Go back to the natural order for the timeline, then you can try changing the type of file to show. Looks like you have 10 CSS files you are loading, so take a look at concatenating those CSS files and compressing them.
I see your site has to make 220+ connection to download everything. Thats a huge number. Try to eliminate some of those.
Next down the list I see some big jpg files. Most of these again are waiting on the server, but some are taking a while to download. I looked at one of a laptop and was able to convert to a highly compressed png and save 30% on the size and get a file that looked the same. Then I noticed that there are well over 100 images, many of which are really small. One of the big drags on your site is that there are so many connections that need to be managed by the browser. Take a look at implementing CSS Sprites for those small images. You can probably take 30-50 of them down to a single image download.
Final thing I noticed is that you have a lot of JavaScript loading right up near the top of the page. Try moving some of that (where possible) to later in the page and also look into asynchronously loading the js where you can.

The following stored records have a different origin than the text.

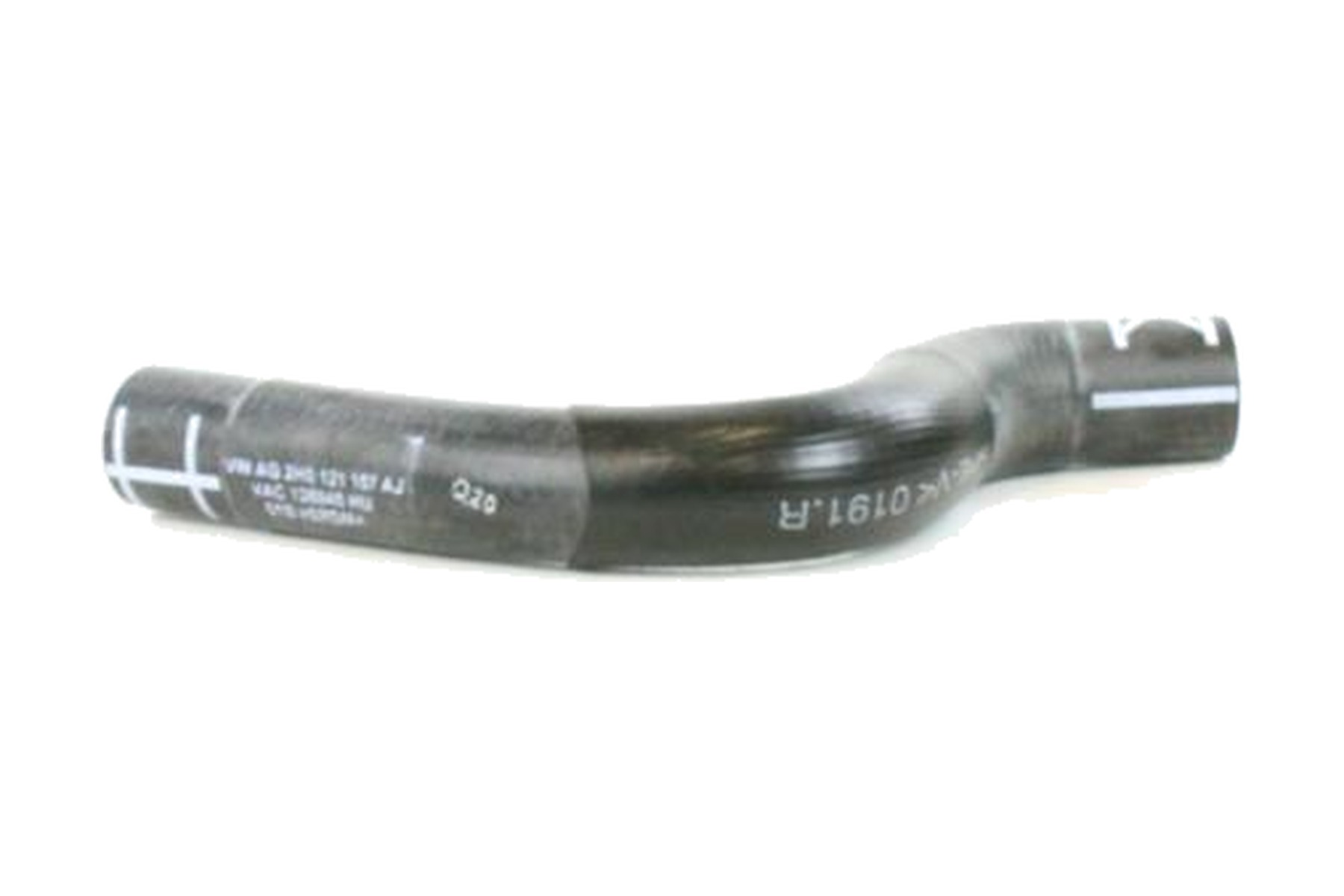 Mangueira de Água de Radiador VW 2H0121157AJ - Imagem 3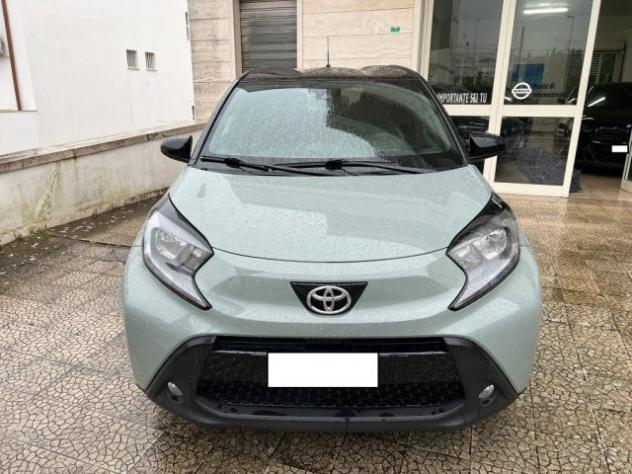 TOYOTA Aygo X 1.0 72 CV 5 P. Trend AUTOMATICA rif. 23506713 - Foto 4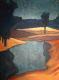 Spiegelsee (2005) - Franko Schmidt - Acryl auf Leinwand - Sonstiges -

I think that's a lot of suggestions for you to try. After you solve those issues, take a look at leveraging a CDN and other caching services to help speed things up for most visitors.
You can find a lot of these recommendations in a bit more detail in Steve Souder's book: High Performance Web Sites. The book is 5 years old and still as relevant today as ever.
I've just taken a look at websitetest.com and that website is completely not right at all, my site is amoung the 97% fastest and using that website is says its 26% from testing 13 locations. Their servers must be over loaded and I recommend you use a more reputatable testing site such as http://www.webpagetest.org which is backed by many big companies.
Looking at your contact details it looks like the focus audience is India? if that is correct you should use hosting where-ever your main audience is, or closest neighbor.